The SIB is not conditional upon any minimum
number of Shares being tendered. The SIB is, however, subject to
other conditions described in the formal offer to purchase and
issuer bid circular, letter of transmittal and notice of guaranteed
delivery (collectively, the “Offer Documents”),
filed by Coveo with the applicable securities regulators and
available under Coveo’s SEDAR profile at www.sedar.com.
The SIB is currently open for acceptance until
5:00 PM (Eastern Time) on July 10, 2023 (the “Expiration
Date”), unless withdrawn, extended or varied by Coveo.
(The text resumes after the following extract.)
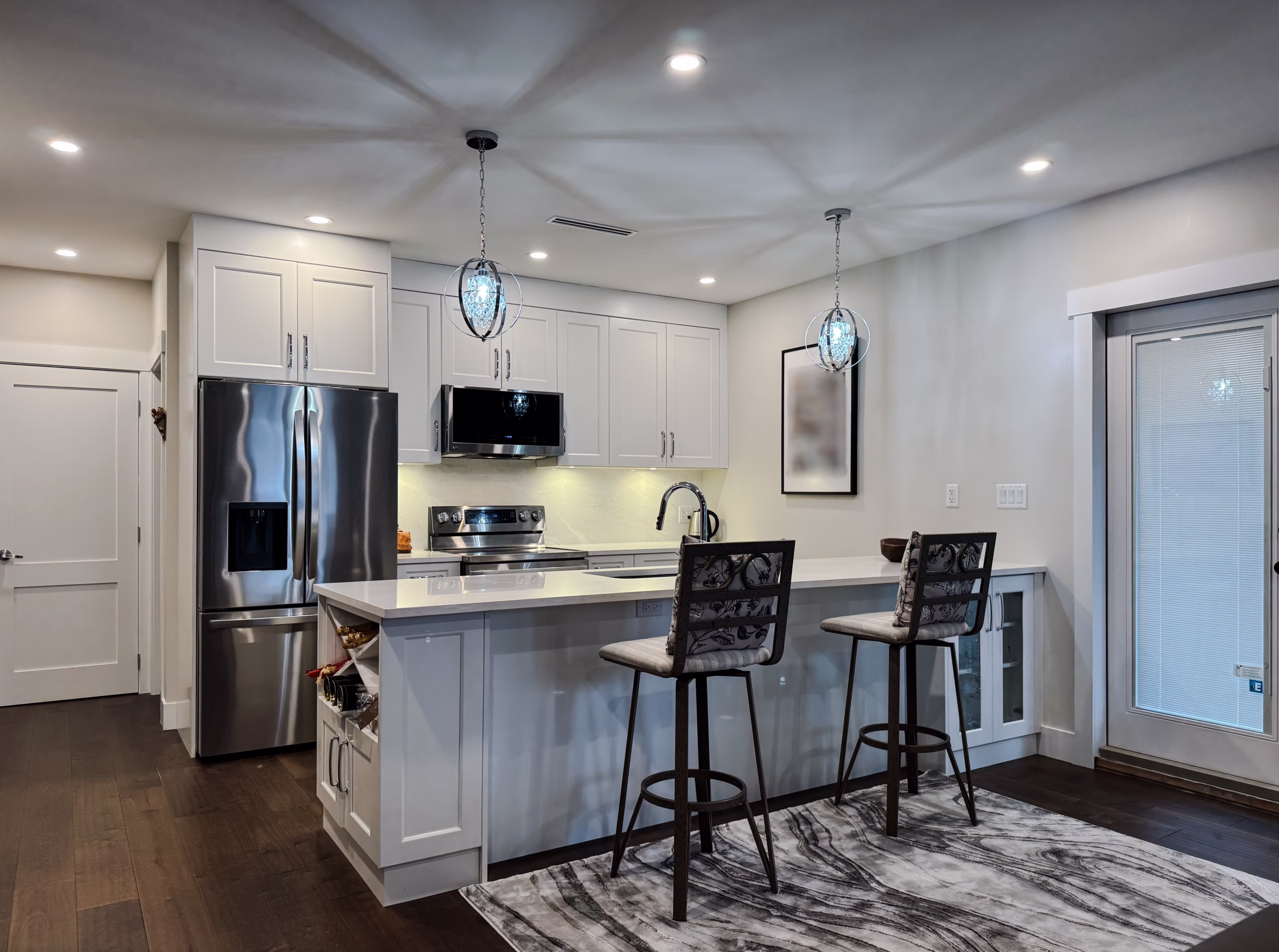 Dream White RTA kitchen cabinets & crisp cabinetry design in Queen's Park, New Westminster, BC.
Coveo reserves the right, in its sole discretion (i) to terminate
the SIB and not take up and pay for any Shares not theretofore
taken up and paid for, upon the occurrence of certain conditions,
and (ii) at any time or from time to time prior to the Expiration
Date, to vary the SIB in any respect, including increasing or
decreasing the aggregate purchase price for Shares that Coveo may
purchase or the range of prices it may pay pursuant to the SIB,
subject to compliance with applicable Canadian securities
legislation.
As set out in the Offer Documents, Coveo applied
for exemptive relief from the AMF to allow Coveo to extend the SIB
in circumstances in which all of the terms and conditions of the
SIB have either been satisfied or waived by Coveo, without first
taking up Shares which have been deposited (and not withdrawn)
before the SIB was previously scheduled to expire (the
“Extension Relief”). On July 6, 2023, the AMF
granted Coveo the relief order providing the Extension Relief which
will allow Coveo to, subject to the conditions in the relief order,
elect to extend the SIB without first taking up all the Shares
deposited and not withdrawn under the SIB.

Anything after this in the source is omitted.